Co_Motion Dance (choreographers Catherine Ibbotson and Amy Lovelock) present a quartet of women in FORCE, a highly energetic battle for power that relies on the strength and spatial precision of the performers. Some of the jumps also rely on split-second lighting cues for that are too demanding for the limited technical resources available and too much of a gimmick for the level of choreographic sophistication. The force of the work comes from the force of the performers: why contrive this brute physicality? Presumably to make it more interesting to watch, but I would argue that the construction and theatrical intent of the work have to be more interesting first.

The title of Tamsin Griffiths’ work, Duvet Cover, appears to follow a similarly domestic theme as Dance I made on my Bathroom Floor, but the duvet in question is a metaphor. It is the place of comfort, ‘an emotional home’ in a work that expresses the volatility of depression and bi-polar disorder. The piece begins with a film clip projected on to a white sheet showing Griffiths climbing into a giant duvet and relishing its warmth and comfort; the fuzziness of the image makes it look like an ultrasound image of a baby in a womb. At the moment the film ends Griffiths pushes from underneath the screen to lie supine on the stage. Her initial movements remain close to herself as she goes through the motions of adjusting drowsily to vertical and following the path of a hand that seems to have an agency of its own to a score that is dreamy if not hallucinatory. Griffiths’ entire body explodes into action as she follows a volatile narrative; there is no ‘why’ in these shifts of mood, these ‘phases of depression’ as they progress in a certain direction and then suddenly change course. Duvet Cover is a work that can be read on two distinct levels: one that doesn’t make sense and one that does. Griffiths is perhaps playing unconsciously on the ‘invisibility’ of depression and how that plays into misunderstanding about the nature of the disease. She controls her performance even when it seems most chaotic: she displays an effortless virtuosity in her ability to throw herself to the limits of her balance and return to equilibrium. Although she takes emotional risks, Griffiths is not challenged sufficiently in Duvet Cover to extend her range. Perhaps it is one of the challenges of working alone but one of the rewards is to see that raw honesty in a dynamic physical form.
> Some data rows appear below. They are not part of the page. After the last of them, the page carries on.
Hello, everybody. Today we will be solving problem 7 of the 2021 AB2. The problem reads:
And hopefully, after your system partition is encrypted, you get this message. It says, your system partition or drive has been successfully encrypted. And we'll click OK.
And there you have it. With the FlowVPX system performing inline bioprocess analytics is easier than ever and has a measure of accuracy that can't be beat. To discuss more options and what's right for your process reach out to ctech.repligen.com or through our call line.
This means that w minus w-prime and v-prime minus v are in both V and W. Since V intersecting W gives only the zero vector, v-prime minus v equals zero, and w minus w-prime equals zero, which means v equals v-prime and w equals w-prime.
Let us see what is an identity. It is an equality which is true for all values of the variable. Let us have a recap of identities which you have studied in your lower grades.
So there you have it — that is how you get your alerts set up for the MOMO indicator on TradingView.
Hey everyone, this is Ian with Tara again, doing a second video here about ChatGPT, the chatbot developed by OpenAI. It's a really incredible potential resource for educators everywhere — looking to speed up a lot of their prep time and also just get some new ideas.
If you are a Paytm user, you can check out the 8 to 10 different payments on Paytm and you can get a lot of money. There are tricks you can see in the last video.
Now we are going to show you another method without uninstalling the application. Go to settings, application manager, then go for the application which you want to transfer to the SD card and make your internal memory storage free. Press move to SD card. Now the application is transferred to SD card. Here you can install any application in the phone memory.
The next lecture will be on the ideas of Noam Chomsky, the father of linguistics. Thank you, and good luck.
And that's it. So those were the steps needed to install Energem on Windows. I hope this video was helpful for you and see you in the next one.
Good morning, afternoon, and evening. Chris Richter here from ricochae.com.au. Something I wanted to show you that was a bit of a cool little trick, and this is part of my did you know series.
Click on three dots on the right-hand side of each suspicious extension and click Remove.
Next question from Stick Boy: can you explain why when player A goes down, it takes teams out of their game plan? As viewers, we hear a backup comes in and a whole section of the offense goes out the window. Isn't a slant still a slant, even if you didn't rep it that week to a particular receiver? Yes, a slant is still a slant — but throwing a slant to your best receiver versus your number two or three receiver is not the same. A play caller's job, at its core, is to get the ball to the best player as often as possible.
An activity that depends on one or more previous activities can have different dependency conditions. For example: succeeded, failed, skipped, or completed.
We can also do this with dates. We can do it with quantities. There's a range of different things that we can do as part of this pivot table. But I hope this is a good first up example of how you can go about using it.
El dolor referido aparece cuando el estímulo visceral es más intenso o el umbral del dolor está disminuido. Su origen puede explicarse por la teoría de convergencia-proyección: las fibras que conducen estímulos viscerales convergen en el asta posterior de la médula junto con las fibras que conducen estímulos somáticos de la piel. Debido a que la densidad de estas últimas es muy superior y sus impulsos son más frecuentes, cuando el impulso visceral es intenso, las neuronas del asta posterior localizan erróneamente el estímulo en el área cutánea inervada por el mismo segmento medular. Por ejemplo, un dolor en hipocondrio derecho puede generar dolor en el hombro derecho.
The most complete work of the evening is Neus Gil Cortés’ Left, a duet for Maëva Berthelot and Omar Gordon (Cortés shares the role with Berthelot on subsequent evenings). It has a simple starting point: ‘When we are alone, all we have left is our thoughts…’ ‘All’ is the operative word, for in this fifteen-minute duet there is a great deal to inhabit our imagination and Cortés leaves open that vital gap between choreographic intent and audience reaction. Gordon, who has the dark lines of a character in an El Greco painting, is the manifestation of a relentless, demonic aspect of Berthelot’s psyche. Despite herself, Berthelot circles around him like a moth around a candle and when he finally dissolves into the darkness she is left eerily reliving his gestures. They are two but they are not two, and their partnership is mesmerisingly intense. As a choreographer, Cortés handles the frailty and domination with a freedom and depth of detail that anchor the work in a youthful maturity. She also proves her intuition as director in creating an enveloping sound score around the music of Philip Samartzis and Mica Levi, costumes that enhance the narrative and in managing to create magic from the available lighting resources.